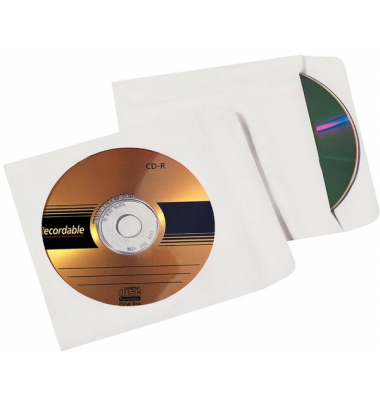 Büroring CD Hülle, Selbstklebend, weiß, 124 x 124mm mit Fenster, 90g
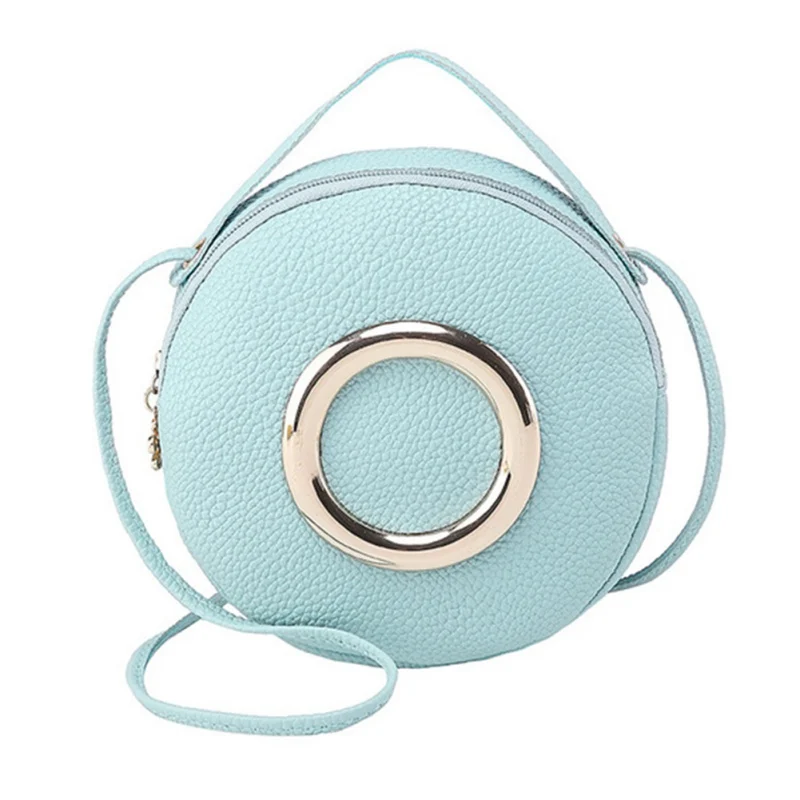 Purse Korean Metal Circle Portable Small Round Bag Summer And Autumn New PU Slung Shoulder Female Mobile Phone Bag New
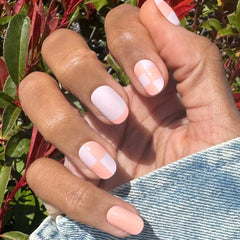 Sherbet Checker Party | Short | Round - Tab Press-On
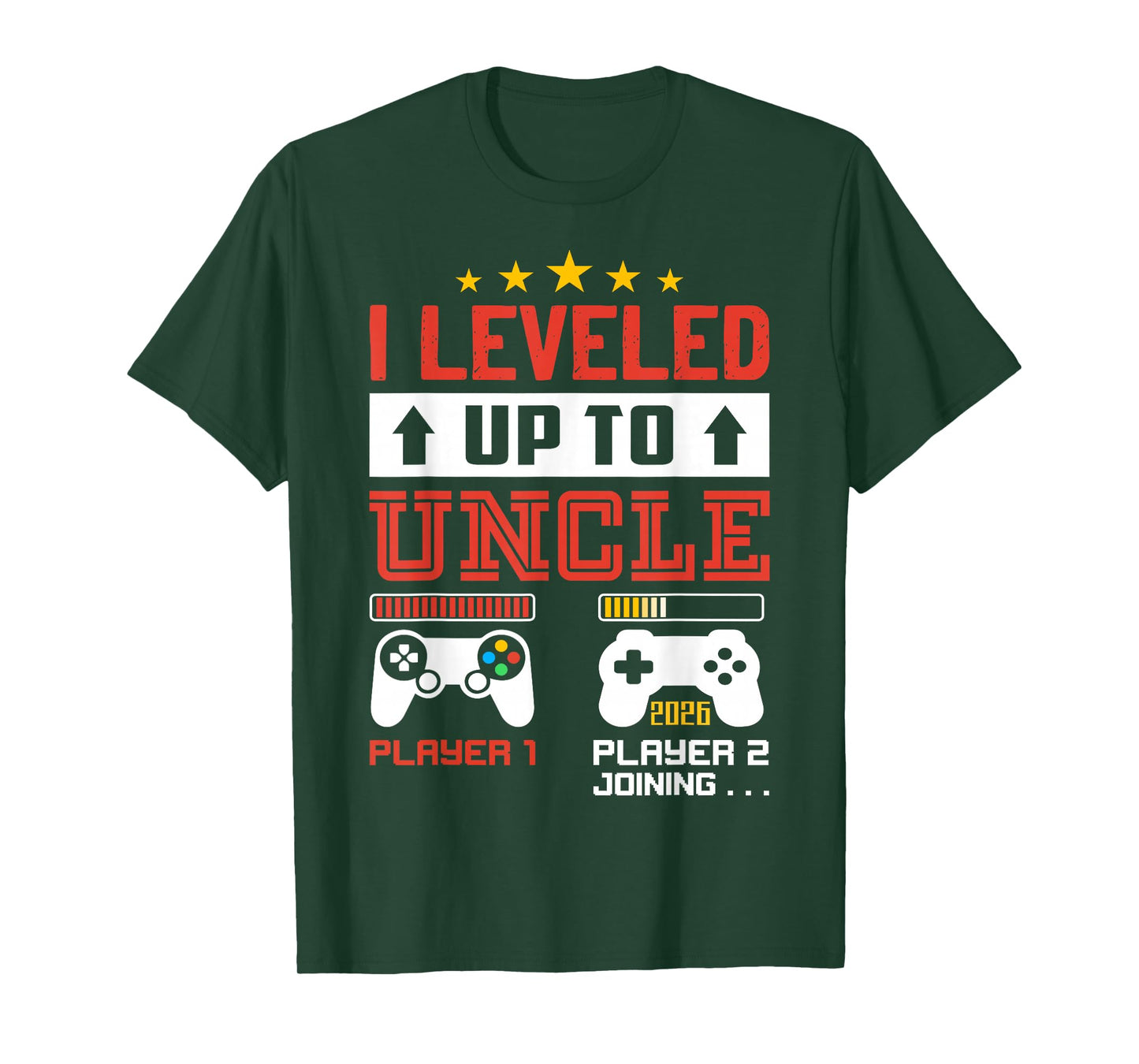 I Leveled Up to Uncle 2026 I'm Going to Be Uncle 2026 Gamer T-Shirt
# # # # #
__TASK DIRECTIONS__:
Everything in the data except the pictures should be restated word for word.

__ANSWER TO THIS PROBLEM__:
 Büroring CD Hülle, Selbstklebend, weiß, 124 x 124mm mit Fenster, 90g
 Purse Korean Metal Circle Portable Small Round Bag Summer And Autumn New PU Slung Shoulder Female Mobile Phone Bag New
 Sherbet Checker Party | Short | Round - Tab Press-On
 I Leveled Up to Uncle 2026 I'm Going to Be Uncle 2026 Gamer T-Shirt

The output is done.